General and administrative expenses include management and office personnel compensation and bonuses, stock compensation, corporate level information technology related costs, rent, travel, professional service fees, insurance, product development costs and general corporate expenses. We expect general and administrative expenses to continue to increase in absolute dollars as we expand our commercial infrastructure to both drive and support our planned growth in revenue and support the additional costs associated with being a public company.
Research and Development
We do not invest in non-CBD pet food research, but we do continually review sales of our existing products as well as those of non-CBD competitors to identify possible product extensions. We acquired two CBD related research agreements as part of the acquisition of Bona Vida Inc. We will invest resources into the effectiveness of CBD infused canine pet food to determine if specific strains of CBD are more effective than others in addressing canine health issues. We are also conducting trials with existing products to determine optimal product formulations. During the periods ended June 30, 2019 and June 30, 2018, we did not record research and development expenses. We expect to incur research and development expenses during the remainder of 2019 and in future periods.
Interest Expense
Interest expense originates from debt incurred under a under a revolving credit agreement entered into in May 2019, and under our note payable to a prior TruPet LLC member, corporate credit cards, and our line of credit agreement and other debt in place prior to the acquisitions.
Income Taxes
Our income tax provision consists of an estimate of federal and state income taxes based on enacted federal and state tax rates, as adjusted for allowable credits, deductions and uncertain tax positions. During the periods ended June 30, 2019 and June 30, 2018, we did not record income tax expense because TruPet was a limited liability company. Subsequent to the consummation of the acquisitions, the Company, as a corporation, is required to provide for income taxes.
Results of Operations
Three and Six Months Ended June 30, 2019 Compared to Three and Six Months Ended June 30, 2018
| | Six Months Ended | | | Three Months Ended | |
| | 2019 | | | 2018 | | | % Change | | | 2019 | | | 2018 | | | % Change | |
Net Sales | | $ | 7,635 | | | $ | 7,064 | | | | 8 | % | | $ | 4,084 | | | $ | 3,818 | | | | 7 | % |
Cost of Goods Sold | | | 4,082 | | | | 3,329 | | | | 23 | % | | | 2,420 | | | | 1,384 | | | | 75 | % |
Gross Profit | | | 3,553 | | | | 3,735 | | | | -5 | % | | | 1,663 | | | | 2,433 | | | | -32 | % |
General & Administrative
| | | 6,004 | | | | 1,351 | | | | 344 | % | | | 4,571 | | | | 665 | | | | 587 | % |
Share-Based Compensation
| | | 4,212 | | | | 0 | | | | - | | | | 4,006 | | | | 0 | | | | - | |
Sales & Marketing | | | 5,597 | | | | 2,819 | | | | 99 | % | | | 3,412 | | | | 1,512 | | | | 126 | % |
Other Operating
| | | 1,721 | | | | 1,899 | | | | -9 | % | | | 936 | | | | 958 | | | | -2 | % |
Loss from operations
| | $ | (13,981 | ) | | $ | (2,334 | ) | | | 499 | % | | $ | (11,263 | ) | | $ | (702 | ) | | | 1,505 | % |
Net Sales
Net sales increased $0.6 million, or 8%, to $7.6 million for the six months ended June 30, 2019 compared to $7.1 million for the six months ended June 30, 2018.

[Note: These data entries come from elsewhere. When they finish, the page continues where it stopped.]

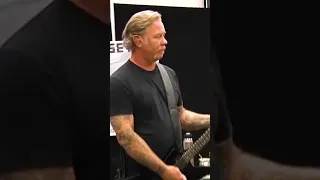 JAMES HETFIELD REACTION WHEN ROBERT TRUJILLO PLAYS A COOL RIFF ON BASS #METALLICA #shorts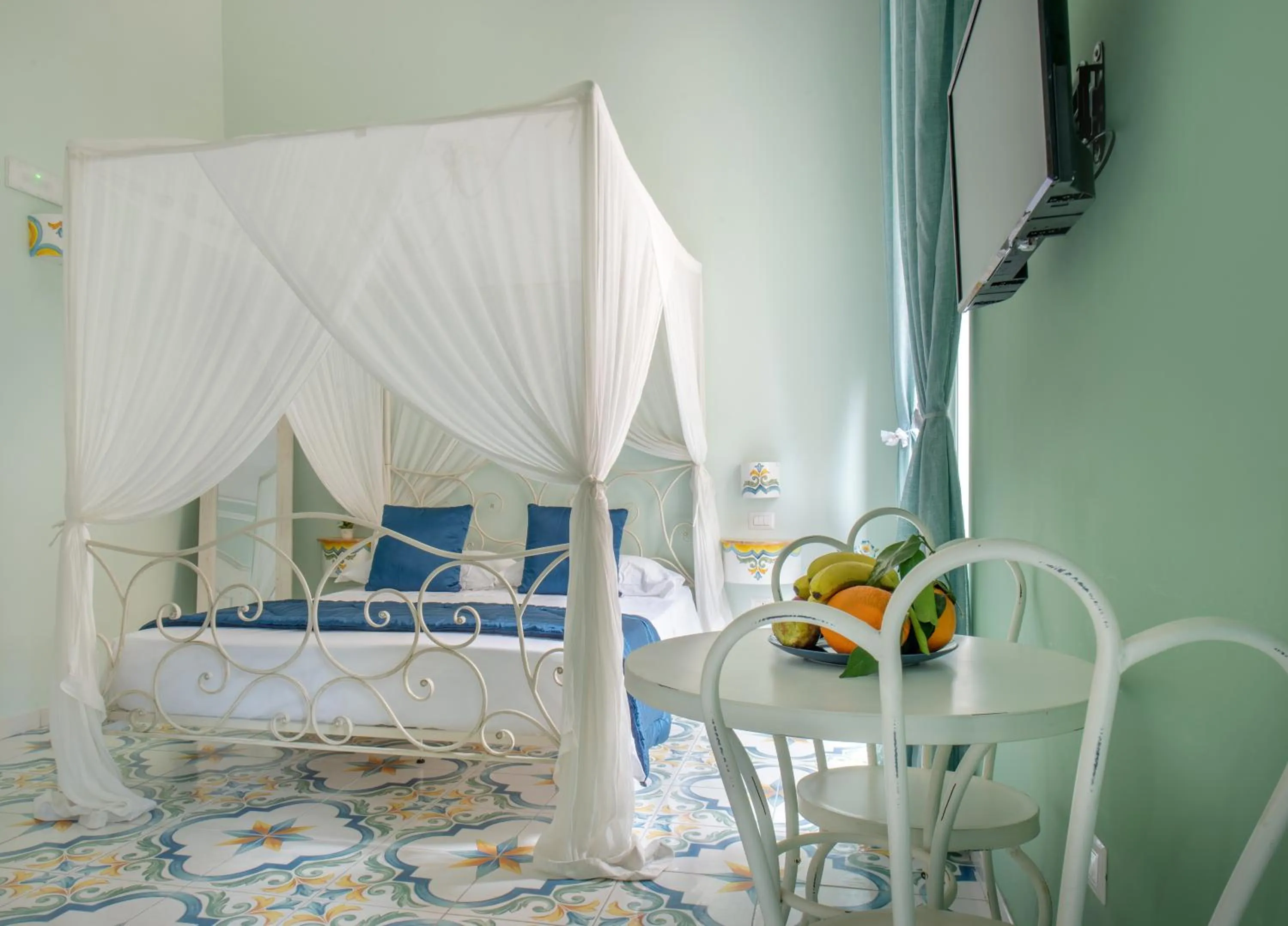 Photo of the whole room, Bed in Regina Elena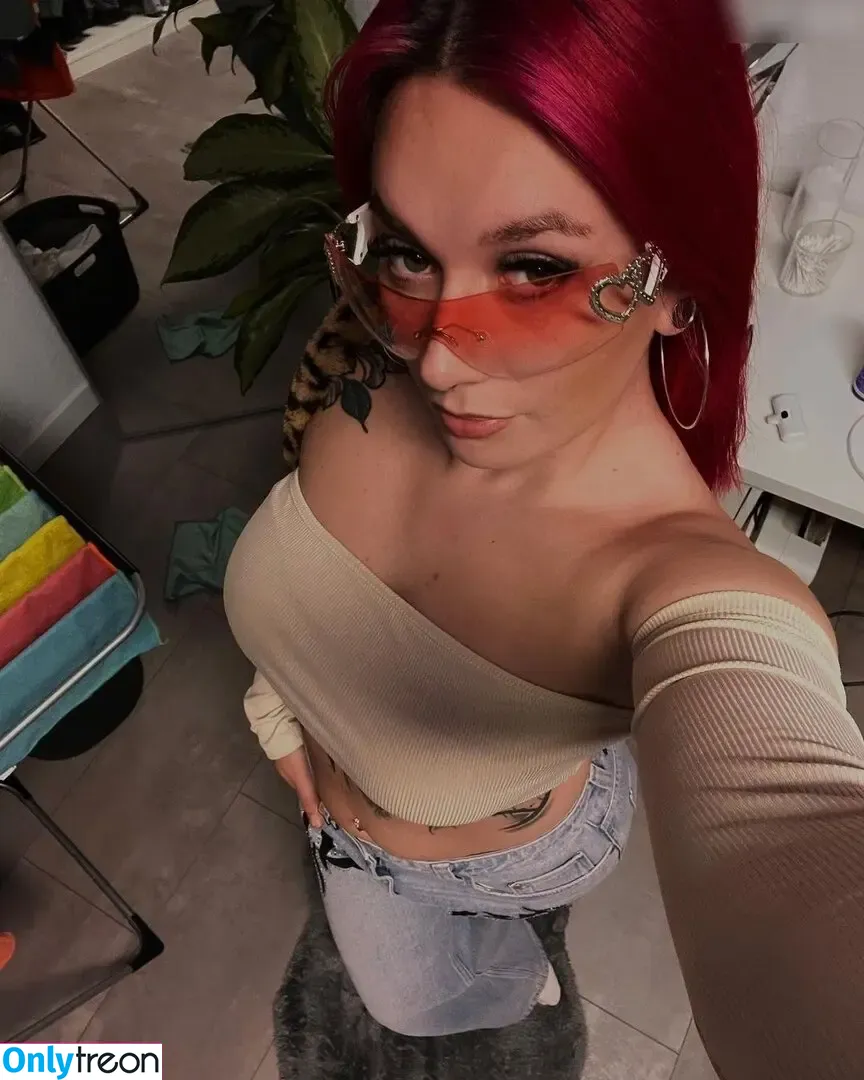 Vivian Zajac nude photo #0032 (pullmyredhair / vivianzajac)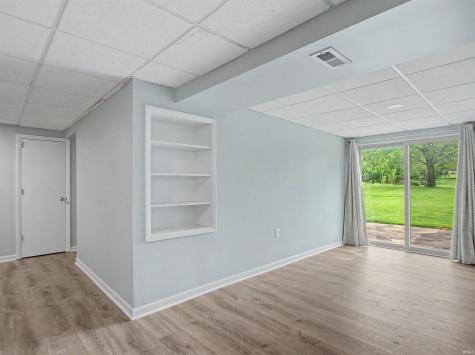 2577 Juanita Avenue Wadesville IN 47638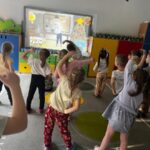 Integracyjny wf - Tajemnica Świątecznej Fabryki!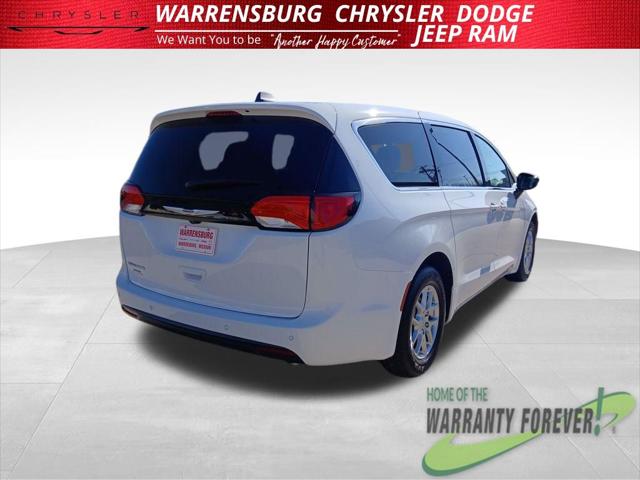 2026 Chrysler Voyager LX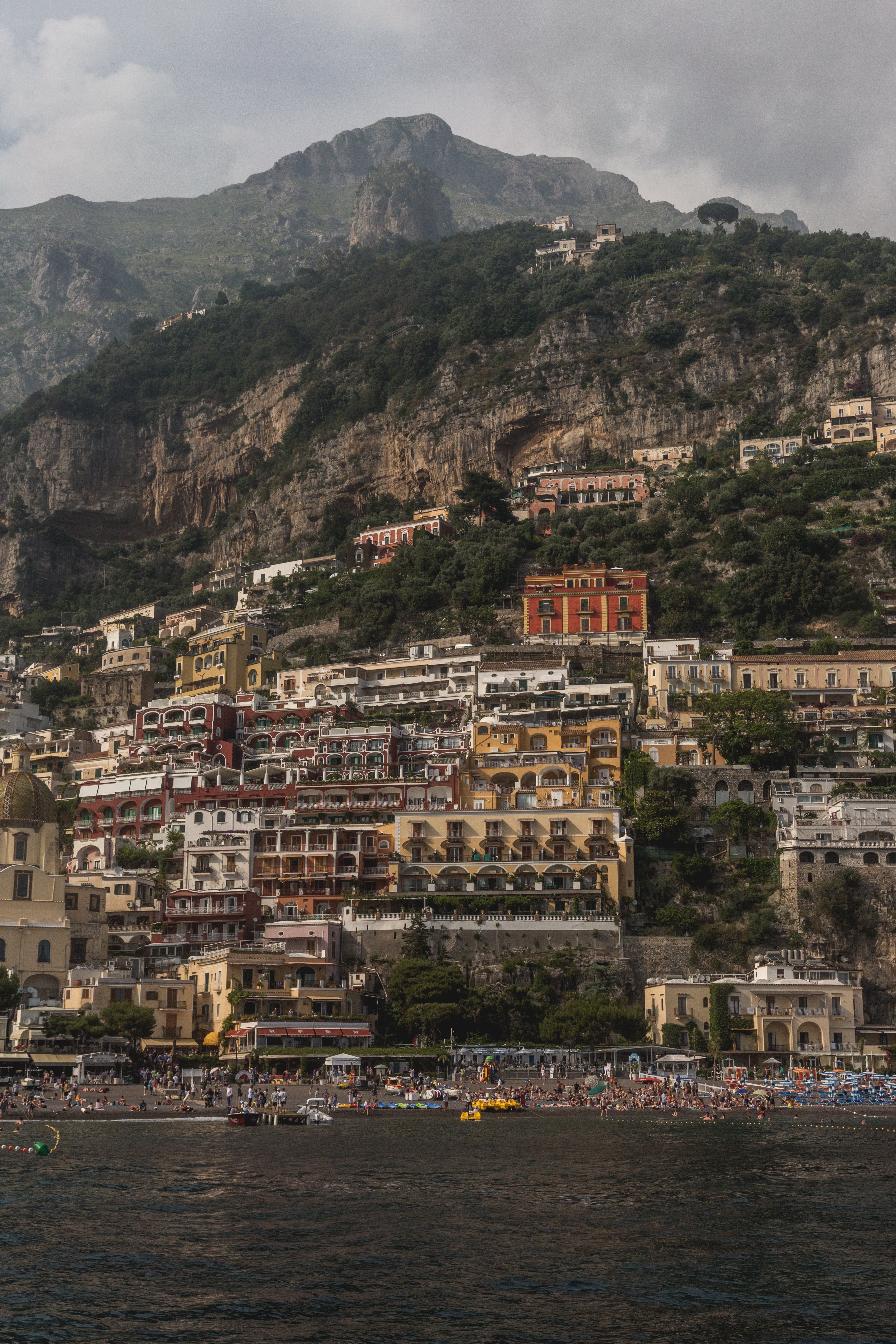 Edificio accatastato su una montagna foto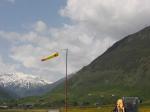 Paragliding Fluggebiet Europa » Schweiz » Uri,Realp,Landeplatz Andermatt.
Gemäss Windsack blässt der Wind vom Gemsstock.
Falls man versucht weiter vorne, bei der Talstation zu landen, müsste man mit Wind aus einer andern Richtung landen!
Auf der Gemsstockseite muss man natürlich die Kabel der Seilbahn beachten!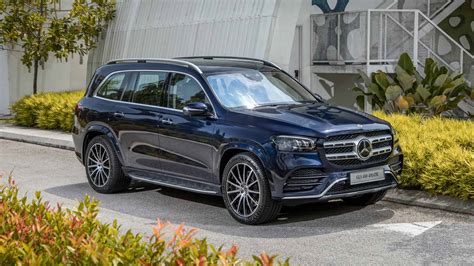 facts figures mercedes benz gls  matic amg  launched  malaysia autobuzzmy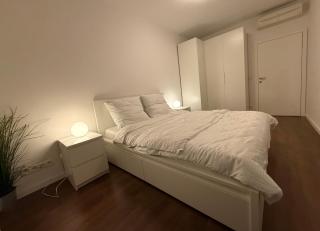 2 bedroom apartment with great location and air conditioning and parking - 0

Net sales increased $0.3 million, or 7%, to $4.1 million for the three months ended June 30, 2019 compared to $3.8 million for the three months ended June 30, 2018.
Net sales increased in the six months ended June 30, 2019 as compared to the six months ended June 30, 2018 as a result of increased media and acquisition spend and a shift to higher unit priced products. Our TruDog brand shifted away from dental products during the first half of 2019 towards consumable food and topper sales. Dental products were effective for initial customer acquisition but return and retention rates were relatively low. Although food and topper products are not as effective in initial customer conversion as the dental products, topper products yield a better lifetime value as retention and repeat rates are higher. In the three months ended June 30, 2019, we saw a further increase in our acquisition and conversion rates as a result of increased media spend on Facebook and Google. A decline in sales through our online retailers Amazon and Chewy.com was the result of lower Amazon promotion spends and Chewy.com’s customers buying directly from us. We expect to see sales to these online retailers to grow in the second half of 2019 as we rebalance our sales efforts between DTC and online retail partners.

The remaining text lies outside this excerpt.